Member of the National Assembly
- In office 8 May 2018 – 1 May 2022

Mayor of Tiszavasvári
- In office 3 October 2010 – 16 September 2018

Personal details
- Born: 21 July 1982 (age 43) Nyíregyháza, Hungary
- Party: Jobbik (2010–2018) Our Homeland (2018–2021) non-partisan (since 2021)

= Erik Fülöp =

Hungarian lawyer and politician

Erik Sándor Fülöp (born in Nyíregyháza, Hungary on 21 July 1982) is a Hungarian lawyer and politician. He was a member of parliament in National Assembly of Hungary (Országgyűlés). He was elected into office in 2018. Between 2010 and 2018 he served as mayor of Tiszavasvár.

== Early life ==
Fülöp was born on 21 July 1982 in Nyíregyháza. Between 1994 and 2000, he attended the Váci Mihály High School in Tiszavasvár, where he graduated. From 2000 to 2005 he attended University of Miskolc and studied law. He graduated University of Miskolc with a degree in law.

== Career ==
Fülöp joined Jobbik in 2010. Between 2010 and 2018, he was the mayor of Tiszavasvári, and from 2014 he was as representative of the Szabolcs-Szatmár-Bereg County Assembly.
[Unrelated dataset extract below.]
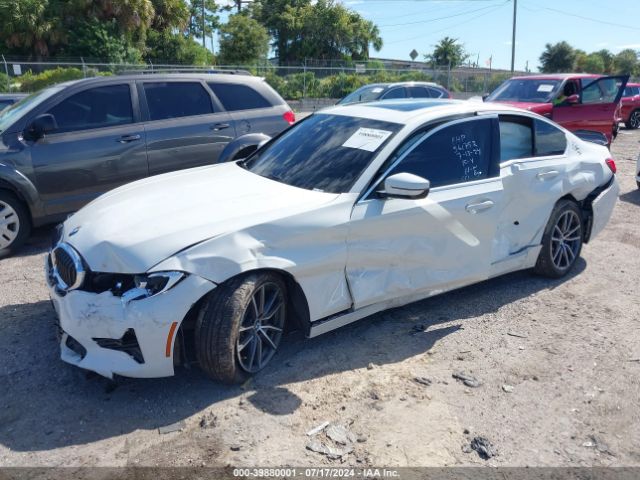 Photo 1 VIN: 3MW5R1J01L8B13012 - BMW 330I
In 2018, he gained a parliamentary seat on Jobbik's national list and resigned as Mayor of Tiszavasvári. On 8 October 2018 he left Jobbik and became a member of the Our Homeland Movement. On 25 January 2021 Erik Fülöp announced his resignation from the Our Homeland Movement on his Facebook page. He continued to work as an independent, focusing on his own field of expertise, animal welfare, rather than party politics. He was a member of the committee on Legislation and committee on Justice in the National Assembly of Hungary.

In September 2021, he announced that he would not run in the 2022 parliamentary election.